Be careful what you ask for. New research shows that once advisory firms reach $1 billion in assets, they face new challenges they may not have anticipated.
A new study from Cerulli Associates claims that once a firm reaches that milestone, the deck is reshuffled, with owners and executives forced to face a host of new challenges.
While a lot of advisers might view
growth as a good problem to have, Cerulli director Kenton Shirk said the realities often include managing advisers across multiple locations while trying to centralize services and resources in a way that is similar to a broker-dealer.
At $1 billion, he added, firm owners need to build entirely new sets of competencies to stay competitive, which is why some larger RIAs can hit a
growth plateau.
"They face new challenges, such as attracting and retaining advisers, building scale across a large number of advisers, enhancing adviser productivity, and offering a consistent and positive client experience across a large organization," Mr. Shirk said.
Operating at this level, he added, means building an executive management team and filling C-suite positions.
Elliot Weissbluth, founder and chief executive of HighTower Advisors, recognized the challenges that come as firms get larger, but said the issues facing $1 billion firms could start as early as the $500 million mark.
"The solution for firms that reach any scale point is hiring subject matter experts, which means chief financial officers, chief technology officers and chief investment officers," he said.
Mr. Weissbluth recommends outsourcing things that are not differentiating.
"If you have something that's truly differentiating, like advisory services, you insource it," he said. "But if something is not differentiating, like hosting a website, or cybersecurity, you should outsource it to a provider in the business of doing that every day."
Carolyn Armitage, managing director at Echelon Partners, agreed that growing advisory firms will start to feel the capacity issues well before the $1 billion mark.
"We find that firms are entering the valley of doom much earlier than $1 billion," she said. "At half a billion, they are in need of building up the infrastructure of people, processes, technology and operations to support the goal of reaching $1 billion."
Ms.
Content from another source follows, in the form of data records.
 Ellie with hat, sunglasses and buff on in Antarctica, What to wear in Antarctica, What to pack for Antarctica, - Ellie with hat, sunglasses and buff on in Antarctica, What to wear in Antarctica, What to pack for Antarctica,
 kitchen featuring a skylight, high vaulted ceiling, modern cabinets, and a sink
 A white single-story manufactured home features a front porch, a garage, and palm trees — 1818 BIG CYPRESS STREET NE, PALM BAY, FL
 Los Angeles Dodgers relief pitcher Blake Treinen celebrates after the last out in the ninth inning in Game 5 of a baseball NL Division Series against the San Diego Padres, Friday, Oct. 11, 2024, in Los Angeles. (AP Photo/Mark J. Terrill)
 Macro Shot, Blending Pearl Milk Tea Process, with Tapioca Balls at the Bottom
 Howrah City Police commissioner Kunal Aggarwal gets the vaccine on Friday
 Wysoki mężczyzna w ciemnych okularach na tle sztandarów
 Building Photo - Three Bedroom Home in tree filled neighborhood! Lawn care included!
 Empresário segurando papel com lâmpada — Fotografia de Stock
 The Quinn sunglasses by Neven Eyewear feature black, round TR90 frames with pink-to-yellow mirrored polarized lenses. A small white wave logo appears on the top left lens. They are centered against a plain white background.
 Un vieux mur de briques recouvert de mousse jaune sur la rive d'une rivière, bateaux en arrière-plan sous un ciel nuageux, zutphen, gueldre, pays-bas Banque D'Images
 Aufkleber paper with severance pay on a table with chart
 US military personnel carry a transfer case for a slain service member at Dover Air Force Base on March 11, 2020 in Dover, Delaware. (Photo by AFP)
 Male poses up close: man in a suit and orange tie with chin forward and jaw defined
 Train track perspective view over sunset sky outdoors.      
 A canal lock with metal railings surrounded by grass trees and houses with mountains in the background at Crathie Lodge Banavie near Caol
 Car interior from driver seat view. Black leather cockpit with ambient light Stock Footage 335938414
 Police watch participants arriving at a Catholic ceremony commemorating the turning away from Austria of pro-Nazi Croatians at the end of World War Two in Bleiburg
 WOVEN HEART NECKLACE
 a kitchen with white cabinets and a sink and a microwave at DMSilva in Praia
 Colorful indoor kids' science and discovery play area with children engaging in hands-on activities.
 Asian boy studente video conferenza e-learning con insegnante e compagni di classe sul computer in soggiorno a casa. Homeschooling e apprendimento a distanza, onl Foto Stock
Armitage said it is not unusual to see profit margins peak when a firm has around $500 million in assets because firms start "dipping into profits to reinvest in the business, then they come out the other side at $1 billion, which is the magical number."
InvestmentNews' proprietary research shows a similar dip in owner income as firms grow into $1 billion under management.
On average, owner revenue at firms managing $1 billion can be about 6% lower than the owner revenue at firms that are half that size, according to InvestmentNews Research.
One of the reasons for this is new expenses that come with size, according to David DeVoe, managing director at the investment bank DeVoe & Co.
"When you hire a business development officer, for example, that is going to be a pure expense for the better part of a year," he said.
But a necessary expense, if the plan is to grow to the next level.
"As you move from a sustained to an enterprising business this is the stage where you need to hire different functional heads in different areas to unlock a lot of power," Mr. DeVoe said. "Some firms do that, but it's not uncommon for some firms to continue to run like they ran at $200 million, which can really restrain growth."
Amit Dogra, founder and chief executive of
Third Seven Advisors, touched on the cultural impact of growth, and how ignoring it can be detrimental.
"If you don't have buy-in from everybody about where you're going, you don't have a firm anymore," he said. "Just because it impacts the bottom line doesn't mean it's a good decision."